WHAT IS BEING ASKED:
Every line of the listing below should be written out exactly, minus its images.

SOURCE MATERIAL:
((

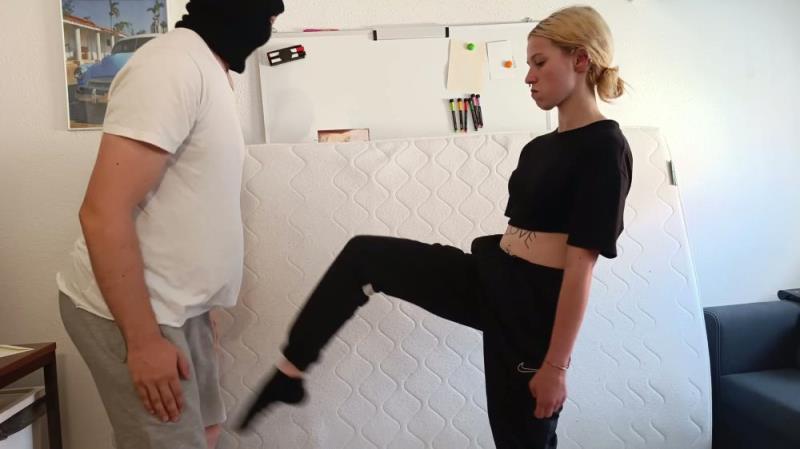 German Balls Busted - Emo Girl Ballbusting [4K 1440P]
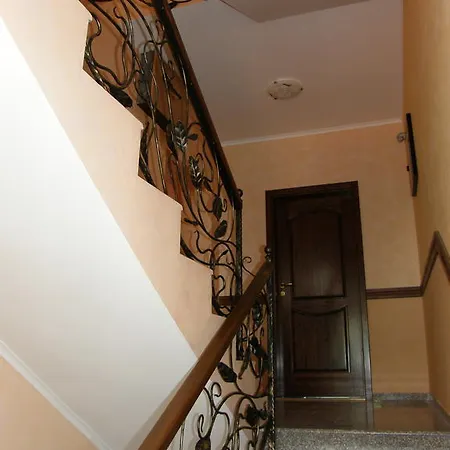 게스트하우스 Emona 네세부르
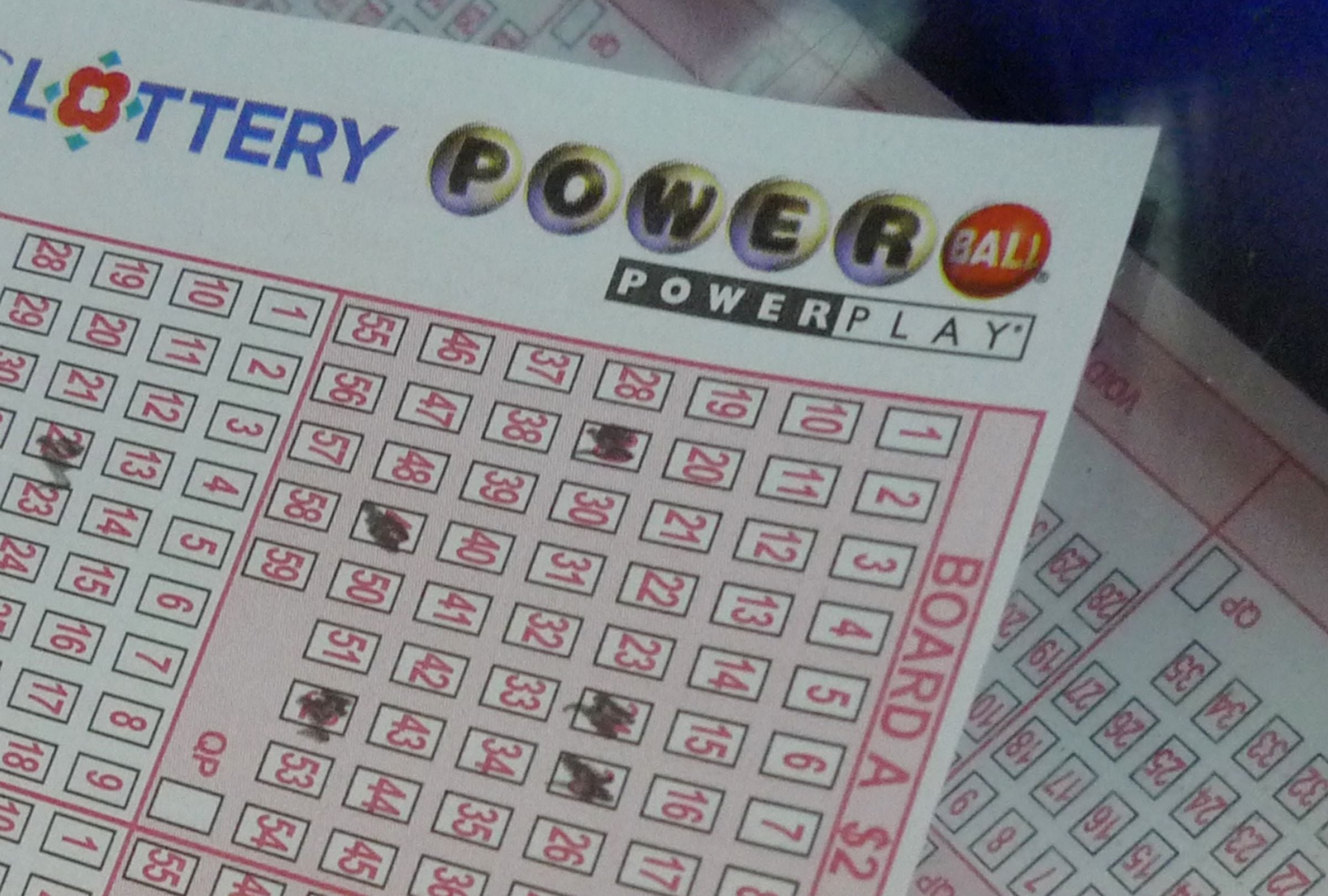 En esta nota conocerás los resultados del sorteo del Powerball del sábado 02 de mayo y descubrir si alguien se quedó con el premio mayor. (Foto: MANDEL NGAN / AFP)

))

TASK RESULT:
 German Balls Busted - Emo Girl Ballbusting [4K 1440P]
 게스트하우스 Emona 네세부르
 En esta nota conocerás los resultados del sorteo del Powerball del sábado 02 de mayo y descubrir si alguien se quedó con el premio mayor. (Foto: MANDEL NGAN / AFP)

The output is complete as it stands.